An inverted bell lying at the bottom of a lake $47.6\;m$ deep has $50\;cm^3$ of air trapped in it. The bell is brought to the surface of the lake. The volume of the trapped air will be (atmospheric pressure $=70\;cm$ of Hg and density of Hg$=13.6\;g/cm^3$
A. $300\; cm^3$
B. $800\;cm^3$
C. $900\;cm^3$
D. $200\;cm^3$

Answer 1

Hint: Here, since the bell is moved from the base of the lake to the surface, clearly the pressure on the bell varies and hence the volume. Then from Boyle’s law, we know that is PV is constant, we can use this to solve the problem and hence find the volume inside the bell when it is moved from the base to the surface.

Formula used: $PV=constant$

Complete step by step answer:
Consider the figure shown below, let the volume in the bell at the base be $V_1$ and on the surface be $V_2$.

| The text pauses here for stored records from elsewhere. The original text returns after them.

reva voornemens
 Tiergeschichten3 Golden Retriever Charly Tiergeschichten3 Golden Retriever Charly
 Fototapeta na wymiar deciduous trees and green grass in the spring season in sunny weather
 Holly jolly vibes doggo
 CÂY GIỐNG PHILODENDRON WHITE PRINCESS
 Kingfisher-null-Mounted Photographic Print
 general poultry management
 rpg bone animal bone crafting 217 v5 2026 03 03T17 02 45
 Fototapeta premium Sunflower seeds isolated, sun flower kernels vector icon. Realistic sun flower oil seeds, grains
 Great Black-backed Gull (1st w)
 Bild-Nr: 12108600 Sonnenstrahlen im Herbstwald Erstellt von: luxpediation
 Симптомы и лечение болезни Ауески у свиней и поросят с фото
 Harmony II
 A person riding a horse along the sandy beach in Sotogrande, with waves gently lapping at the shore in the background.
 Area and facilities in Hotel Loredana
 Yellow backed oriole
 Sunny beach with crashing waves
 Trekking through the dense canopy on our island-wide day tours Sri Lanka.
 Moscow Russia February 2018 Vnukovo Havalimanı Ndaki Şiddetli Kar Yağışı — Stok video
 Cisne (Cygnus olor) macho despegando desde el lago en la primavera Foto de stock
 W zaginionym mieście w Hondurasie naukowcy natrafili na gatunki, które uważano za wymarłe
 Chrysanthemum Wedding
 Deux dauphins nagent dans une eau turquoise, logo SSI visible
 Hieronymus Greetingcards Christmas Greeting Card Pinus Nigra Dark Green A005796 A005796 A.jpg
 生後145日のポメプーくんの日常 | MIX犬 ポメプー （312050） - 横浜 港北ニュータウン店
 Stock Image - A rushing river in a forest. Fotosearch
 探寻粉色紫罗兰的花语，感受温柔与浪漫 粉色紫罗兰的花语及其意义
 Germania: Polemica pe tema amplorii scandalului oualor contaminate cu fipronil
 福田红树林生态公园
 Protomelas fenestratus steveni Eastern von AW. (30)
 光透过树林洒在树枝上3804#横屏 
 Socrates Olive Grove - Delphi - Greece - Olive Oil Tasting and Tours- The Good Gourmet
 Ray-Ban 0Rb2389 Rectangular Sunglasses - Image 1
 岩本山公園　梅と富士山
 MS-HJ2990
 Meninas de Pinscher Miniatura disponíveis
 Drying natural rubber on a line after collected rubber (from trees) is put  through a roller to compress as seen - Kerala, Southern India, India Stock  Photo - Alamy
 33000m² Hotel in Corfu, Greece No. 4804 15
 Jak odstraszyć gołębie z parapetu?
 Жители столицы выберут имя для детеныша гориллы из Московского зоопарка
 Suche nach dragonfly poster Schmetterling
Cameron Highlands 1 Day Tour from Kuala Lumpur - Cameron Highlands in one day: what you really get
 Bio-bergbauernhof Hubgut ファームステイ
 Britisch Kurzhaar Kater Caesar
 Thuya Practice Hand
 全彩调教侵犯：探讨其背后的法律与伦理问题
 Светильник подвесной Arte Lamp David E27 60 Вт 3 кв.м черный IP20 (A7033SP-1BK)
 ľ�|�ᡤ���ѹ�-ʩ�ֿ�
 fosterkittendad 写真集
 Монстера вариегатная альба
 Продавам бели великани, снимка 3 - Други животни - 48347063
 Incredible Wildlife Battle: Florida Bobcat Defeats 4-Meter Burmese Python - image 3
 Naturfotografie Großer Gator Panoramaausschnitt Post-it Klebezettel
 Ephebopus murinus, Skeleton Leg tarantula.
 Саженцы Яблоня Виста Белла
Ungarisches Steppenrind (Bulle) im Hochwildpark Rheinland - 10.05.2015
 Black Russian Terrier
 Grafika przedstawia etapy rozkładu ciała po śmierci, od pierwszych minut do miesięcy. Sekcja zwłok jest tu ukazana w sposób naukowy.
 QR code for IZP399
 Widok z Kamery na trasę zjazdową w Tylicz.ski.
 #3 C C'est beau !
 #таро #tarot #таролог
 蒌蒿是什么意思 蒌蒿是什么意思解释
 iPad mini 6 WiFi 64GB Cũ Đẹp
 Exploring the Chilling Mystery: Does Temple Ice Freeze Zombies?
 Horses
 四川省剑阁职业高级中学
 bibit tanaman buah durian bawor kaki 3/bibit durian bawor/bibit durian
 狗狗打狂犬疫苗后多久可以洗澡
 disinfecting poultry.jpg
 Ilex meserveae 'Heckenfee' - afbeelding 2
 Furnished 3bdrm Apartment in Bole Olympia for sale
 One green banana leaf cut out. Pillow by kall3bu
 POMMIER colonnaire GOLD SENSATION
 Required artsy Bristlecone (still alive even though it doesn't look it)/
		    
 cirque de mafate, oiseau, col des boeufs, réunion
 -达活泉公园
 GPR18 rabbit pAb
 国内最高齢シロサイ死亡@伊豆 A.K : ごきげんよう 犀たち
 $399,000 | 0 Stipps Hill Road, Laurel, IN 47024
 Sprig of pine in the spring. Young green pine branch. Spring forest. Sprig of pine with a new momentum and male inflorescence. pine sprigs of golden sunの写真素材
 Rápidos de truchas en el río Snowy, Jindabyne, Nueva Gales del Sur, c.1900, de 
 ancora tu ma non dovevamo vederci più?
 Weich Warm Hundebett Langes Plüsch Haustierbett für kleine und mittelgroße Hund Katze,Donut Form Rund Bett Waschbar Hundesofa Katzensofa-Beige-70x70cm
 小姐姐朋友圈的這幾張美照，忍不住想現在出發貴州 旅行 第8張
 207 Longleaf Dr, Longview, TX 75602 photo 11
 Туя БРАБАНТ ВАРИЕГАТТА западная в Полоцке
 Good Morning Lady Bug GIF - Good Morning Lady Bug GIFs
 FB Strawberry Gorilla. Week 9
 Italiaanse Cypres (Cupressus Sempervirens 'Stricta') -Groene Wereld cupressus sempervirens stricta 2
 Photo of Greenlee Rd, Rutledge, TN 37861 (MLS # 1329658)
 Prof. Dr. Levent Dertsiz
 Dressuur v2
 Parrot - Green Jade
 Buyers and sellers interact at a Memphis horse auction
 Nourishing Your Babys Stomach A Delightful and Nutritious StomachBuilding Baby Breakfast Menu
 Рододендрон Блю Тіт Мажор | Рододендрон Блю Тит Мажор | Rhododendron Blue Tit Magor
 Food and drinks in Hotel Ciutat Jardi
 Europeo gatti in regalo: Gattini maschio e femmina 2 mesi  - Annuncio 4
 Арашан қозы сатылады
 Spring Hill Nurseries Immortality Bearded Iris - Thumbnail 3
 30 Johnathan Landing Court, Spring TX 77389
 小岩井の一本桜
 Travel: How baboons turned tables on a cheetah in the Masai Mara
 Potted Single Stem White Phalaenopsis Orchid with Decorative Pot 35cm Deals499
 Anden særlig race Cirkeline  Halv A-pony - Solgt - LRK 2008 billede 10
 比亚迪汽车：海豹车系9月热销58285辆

Clearly, the pressure exerted on the bell on the surface of the lake is just the atmospheric pressure $P_0$ . Since fluids exert pressure, which depends on the height of the fluid above the object, then the pressure exerted on the bell at the base is given as $P_0+P$where, $P$ is the fluid pressure.
We know that fluid pressure $P$ depends on the fluid and is mathematically expressed as $P=\rho_f\times g\times h_f$ Here, $\rho_f$ is the density of the fluid, $h_f$ is the height of the fluid and $g$ is the acceleration due to gravity.
From Boyles law we know that at constant temperature and number of moles, PV is a constant .
Then we have $P_0V_2=(P_0+P)V_1$
Given that $P_0=70cm$, $\rho_f=13.6g/cm^3$ and $h_f=47.6cm$ , then,
$P=1\times 4760$ , as the density of water in a lake is $1\;g/cm^3$, substituting, we have
$13.6 \times 70\times V_2=(70\times 13.6+ 4760)50$
$\implies V_2=\dfrac{(70\times 13.6+ 4760)50}{13.6\times70}$
$\implies V_2=300cm^3$
So, the correct answer is “Option A”.

Note: Here, the atmospheric pressure is in terms of Hg and hence when taking $P_0$ we take, $P_0=\rho_{Hg}\times g\times H$. Be careful while calculating the answer, as there can be some calculation error. Also always convert all the units to any one single unit, here everything is taken in cm.